• [WHAT YOU ARE ASKED TO DO] Please restate the records below word for word, leaving out every picture.

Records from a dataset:
[Start of section]
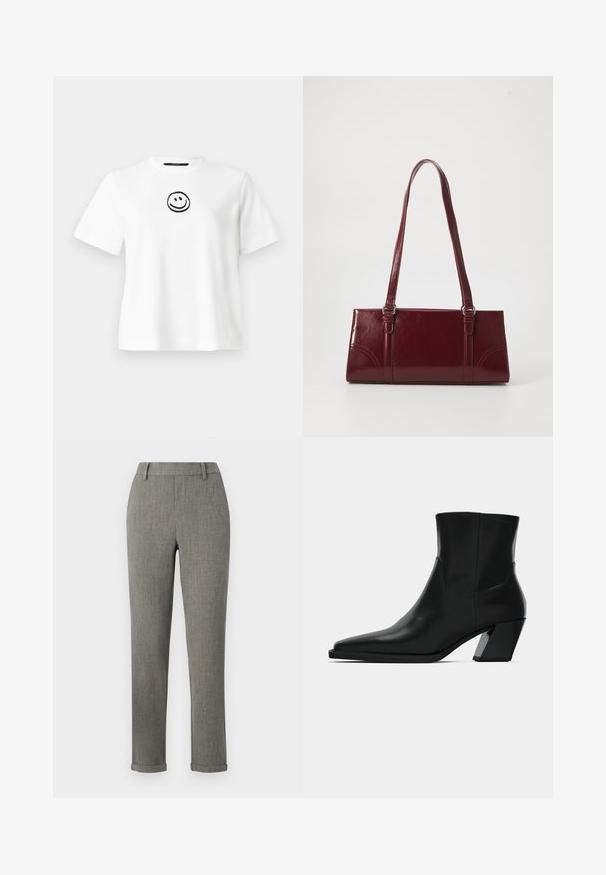 T-shirt en coton blanc avec des manches courtes, un col rond et un smiley noir brodé au centre. Texture lisse.; Pantalon slim fit gris confectionné avec passants de ceinture et ourlets retroussés, adapté pour une tenue formelle ou de bureau.; Bottine en cuir noir avec un bout pointu, une silhouette élégante et un talon carré massif. Texture lisse avec des détails de couture minimalistes.; Sac à main bordeaux en matériau brillant, de forme rectangulaire, avec deux anses et des accents légèrement courbés à l'avant.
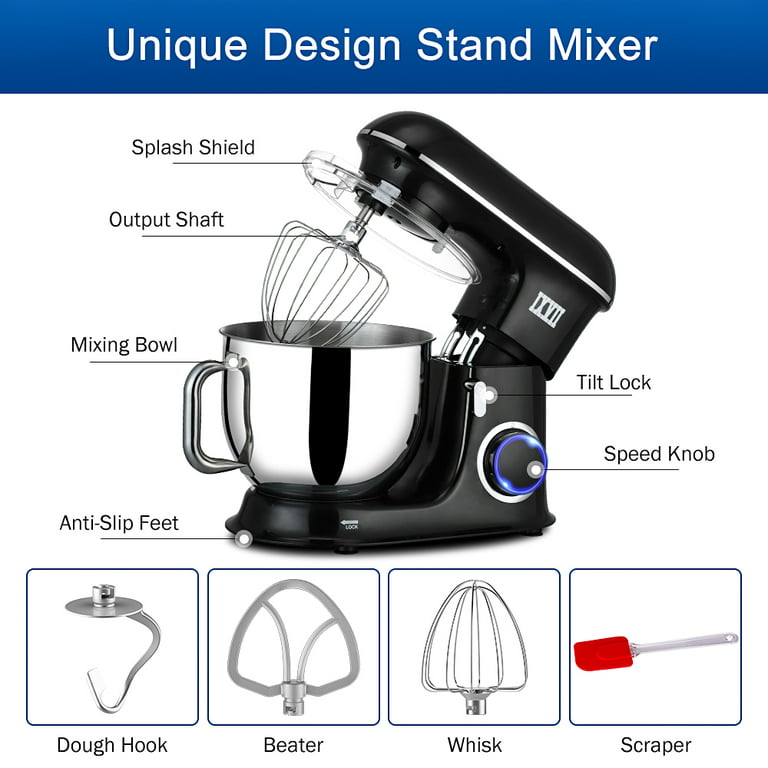 Moss & Stone Stand Mixer With LCD Display, 6 Speed Electric Mixer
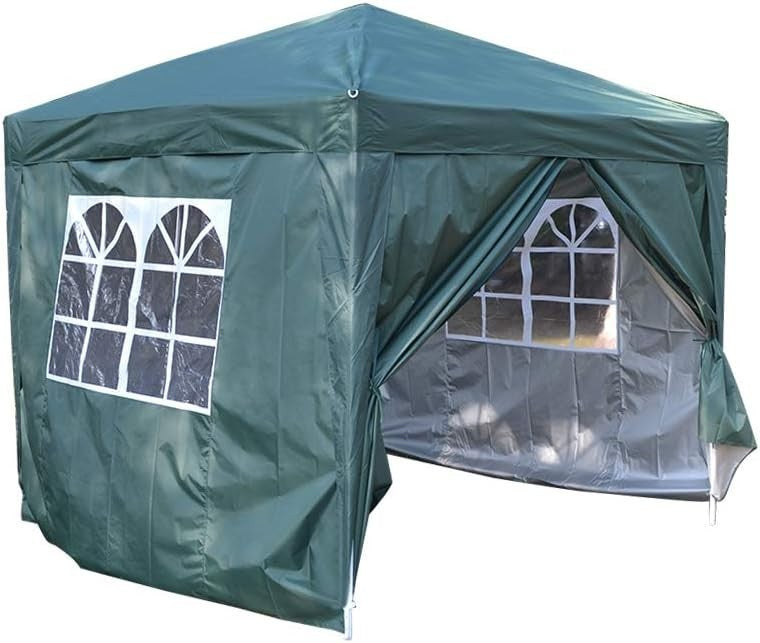 2.5x2.5m Green Waterproof Pop-Up Garden Gazebo Party Tent with Sides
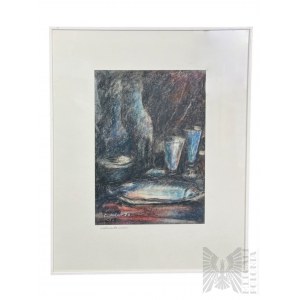 Nieznany Artysta (XX w.) - Obraz “Memento Mori”, 1984 r., Pastele Olejne (?) na Desce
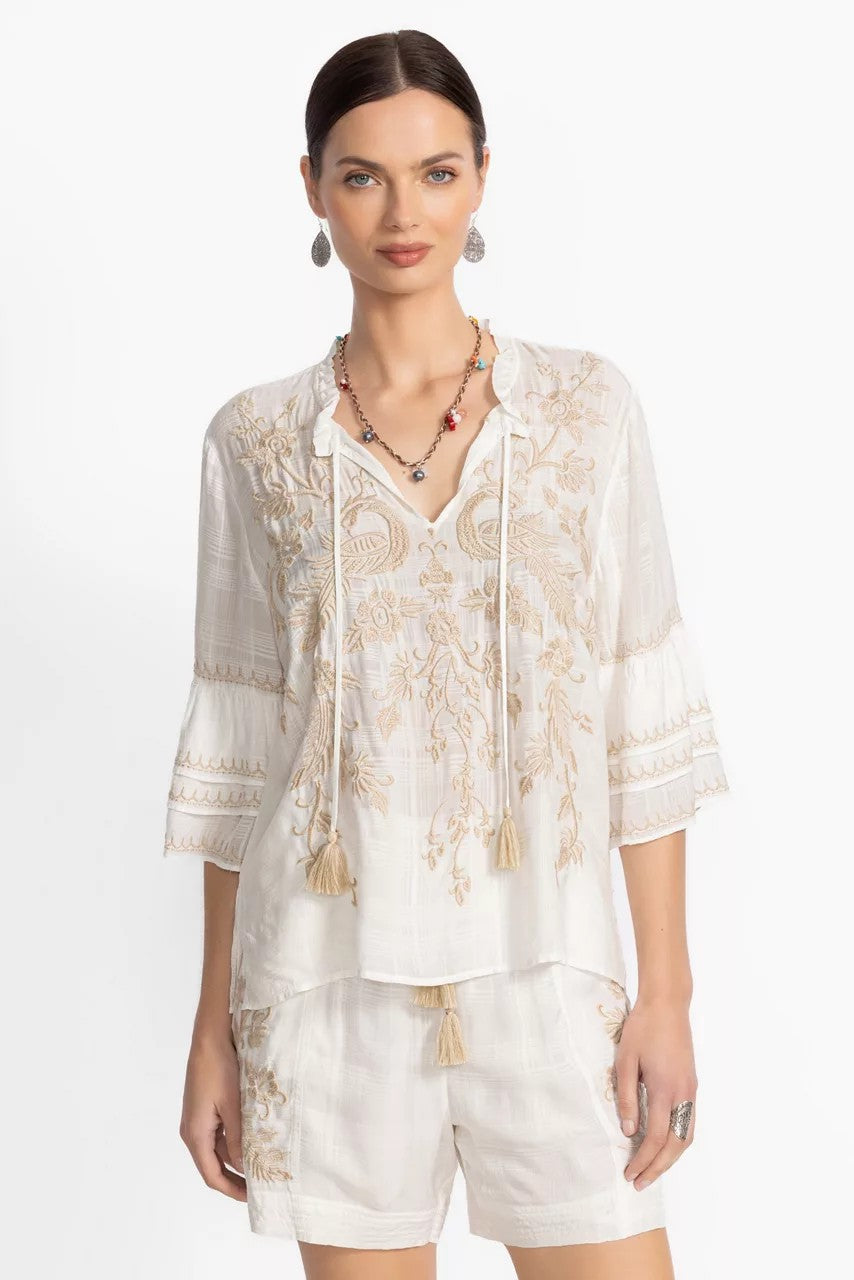 Johnny Was Women RUFFLE SLEEVE BLOUSE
[End of section]
• [YOUR RESPONSE]
 T-shirt en coton blanc avec des manches courtes, un col rond et un smiley noir brodé au centre. Texture lisse.; Pantalon slim fit gris confectionné avec passants de ceinture et ourlets retroussés, adapté pour une tenue formelle ou de bureau.; Bottine en cuir noir avec un bout pointu, une silhouette élégante et un talon carré massif. Texture lisse avec des détails de couture minimalistes.; Sac à main bordeaux en matériau brillant, de forme rectangulaire, avec deux anses et des accents légèrement courbés à l'avant.
 Moss & Stone Stand Mixer With LCD Display, 6 Speed Electric Mixer
 2.5x2.5m Green Waterproof Pop-Up Garden Gazebo Party Tent with Sides
 Nieznany Artysta (XX w.) - Obraz “Memento Mori”, 1984 r., Pastele Olejne (?) na Desce
 Johnny Was Women RUFFLE SLEEVE BLOUSE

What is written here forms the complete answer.